Many a seasoned database administrator will tell you of at least a couple of instances where poorly written programs or queries have gone off and ruined system performance for the regular users because of their poor design. Third party products have some capabilities that help to avoid some of this pain. NoSQL databases also help, but the latter often means you’ve duplicated or replicated the data to yet another system.
The ability to easily use transactional data for analysis and reporting is undoubtedly one of the greatest ongoing challenges for the business. With IT teams continuously shrinking or being outsourced, the business is increasingly turning to self-service tools to help them close the gaps left by inadequate standard reports and IT delivered reporting solutions.
Waiting months for IT delivered reporting solutions
Companies that I have spoken to, have suggested that although they lean heavily on IT tools and teams for business critical reporting. The time it takes for new reporting structures to be formulated and delivered is far too protracted for business to be able to be agile in grabbing advantages or opportunistically pursuing a line of data inquiry to pivot business decision making.
In some instances, delivery of new reporting cubes and structures can take months or in some cases never get delivered because of constantly changing business and IT priorities.

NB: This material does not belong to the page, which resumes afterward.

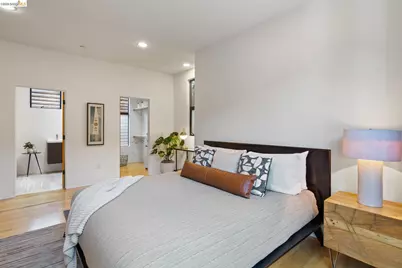 2010 9th St, Berkeley, CA 94710 - Photo 32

While embedded analytics and business user enabling tools hold increased promise for agile and accelerated reporting this still leaves a great many businesses with limited choices.
Ironically, one of the great fallback scenarios is reporting and analysis out of off-the-shelf products like Microsoft Excel. When the power of Excel is combined with direct access it is possible for small and large business units alike, to generate elegant and relative fresh data sets in digestible reports.
This output can be information or actionable, depending on the structure, design and purpose of the output and when this is further combined with the concept of ‘round trip’ data extraction, transformation and load a great many positive outcomes can be derived for the business in working with the transactional data.
A million rows isn’t enough?
Excel has its limitations of course, earlier versions were constrained to 64000 rows but more contemporary versions support up to a million rows per data sheet.
If you’re working with larger data sets perhaps Excel isn’t really the right staging environment but then there are other choices in the Microsoft stable.
Access for example, supports databases up to 2gb and SQLServer and an array of cloud options like Snowflake are popular data staging environment for DataMart style reporting. Most importantly, don’t assume that real-time data analysis with instantaneously refreshed data is the correct approach and best approach to use.
A great deal of data doesn’t change significantly in a window of a couple of hours and if it does, then perhaps even the analytics tools on offer should be better seen as replaced with business process monitoring tools. Static data analyzed in Excel that can be easily refreshed with on-demand queries will cover probably 80% –90% of the most common use cases and at a much more economical price point.
My message then, is don’t dismiss Excel outright, there is a lot of flexibility even with this routinely available package solution that will impress even the most experience Tableau or Qlikview report developer.